▼
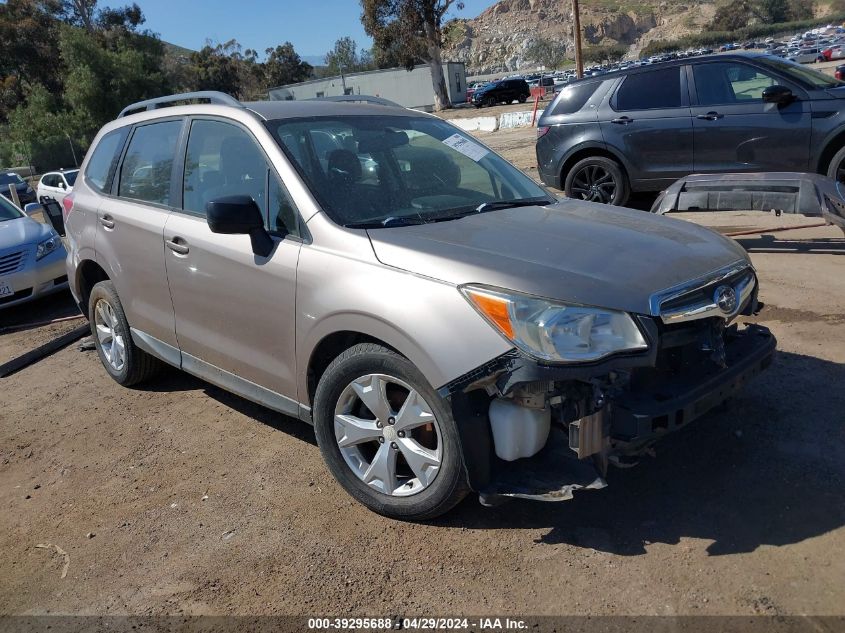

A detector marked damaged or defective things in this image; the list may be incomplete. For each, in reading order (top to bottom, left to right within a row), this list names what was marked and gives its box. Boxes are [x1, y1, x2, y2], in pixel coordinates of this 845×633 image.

cracked headlight housing [36, 233, 62, 260]
damaged front fascia [438, 314, 664, 398]
cracked headlight housing [462, 284, 648, 362]
front-end collision damage [442, 304, 780, 506]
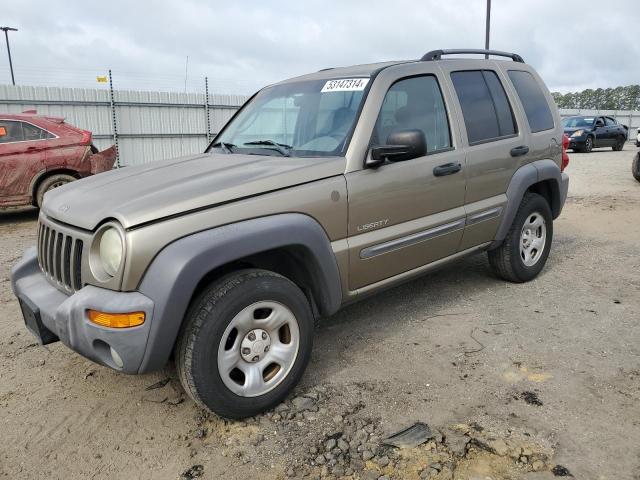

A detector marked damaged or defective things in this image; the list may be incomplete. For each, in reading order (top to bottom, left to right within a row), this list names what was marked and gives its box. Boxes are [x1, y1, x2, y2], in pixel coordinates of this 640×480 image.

damaged red car [0, 112, 116, 210]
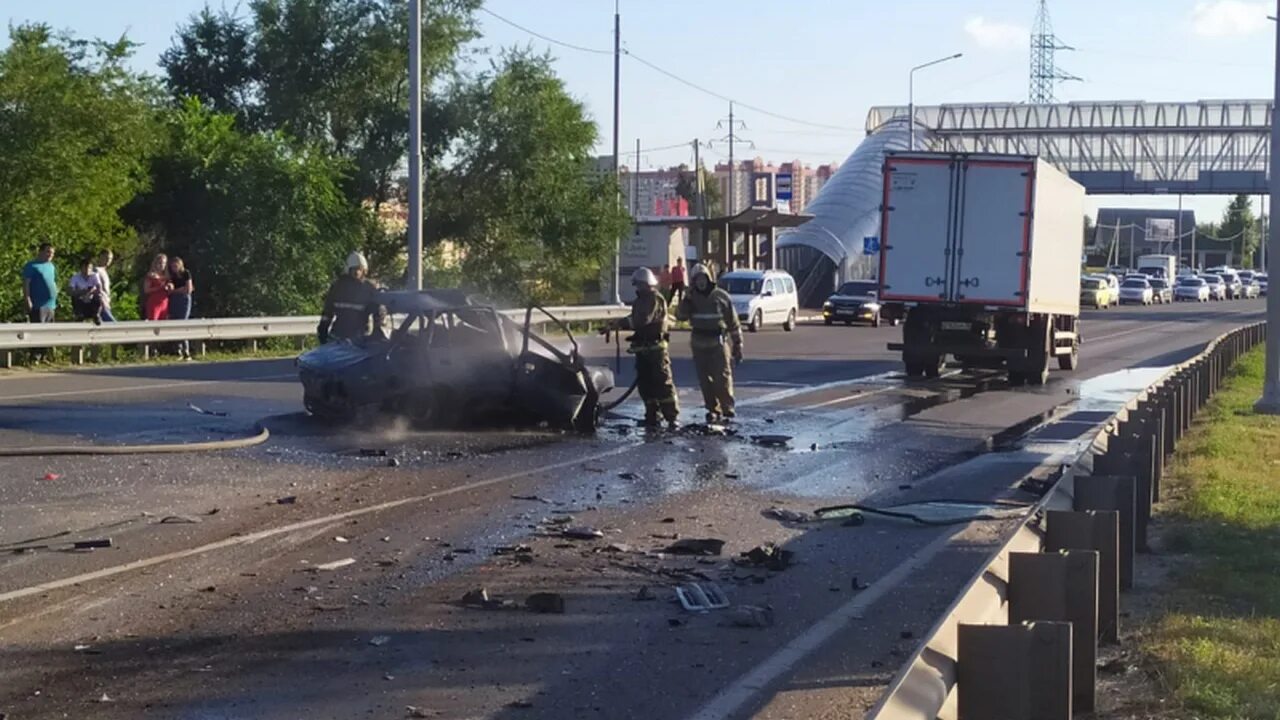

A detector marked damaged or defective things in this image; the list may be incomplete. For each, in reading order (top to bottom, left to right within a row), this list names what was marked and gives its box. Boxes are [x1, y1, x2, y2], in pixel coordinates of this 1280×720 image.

burned-out car [302, 290, 616, 430]
crashed vehicle frame [302, 288, 620, 434]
▲
### WHAT THE TASK REQUIRES
Your answer must be an exact copy of the records, with every picture left out.

### WRITTEN SOLUTION
A detector marked damaged or defective things in this image; the list may be incomplete. For each, in reading order (top to bottom, left to right within a row), this list names what was marked and gives its box. Boxes are [x1, y1, x2, y2], in pixel coordinates of this 845×633 image.

cracked headlight housing [36, 233, 62, 260]
damaged front fascia [438, 314, 664, 398]
cracked headlight housing [462, 284, 648, 362]
front-end collision damage [442, 304, 780, 506]

A detector marked damaged or defective things in this image; the list may be incomplete. For each, in reading order (top to bottom, left to right within a row), this list names what was marked and gives its box. Boxes are [x1, y1, x2, y2], in pixel coordinates of this 640×480 image.

damaged red car [0, 112, 116, 210]

A detector marked damaged or defective things in this image; the list may be incomplete. For each, in reading order (top to bottom, left to right within a row), this list names what was marked and gives its box. Boxes are [x1, y1, x2, y2], in pixel coordinates of this 1280×720 image.

burned-out car [302, 290, 616, 430]
crashed vehicle frame [302, 288, 620, 434]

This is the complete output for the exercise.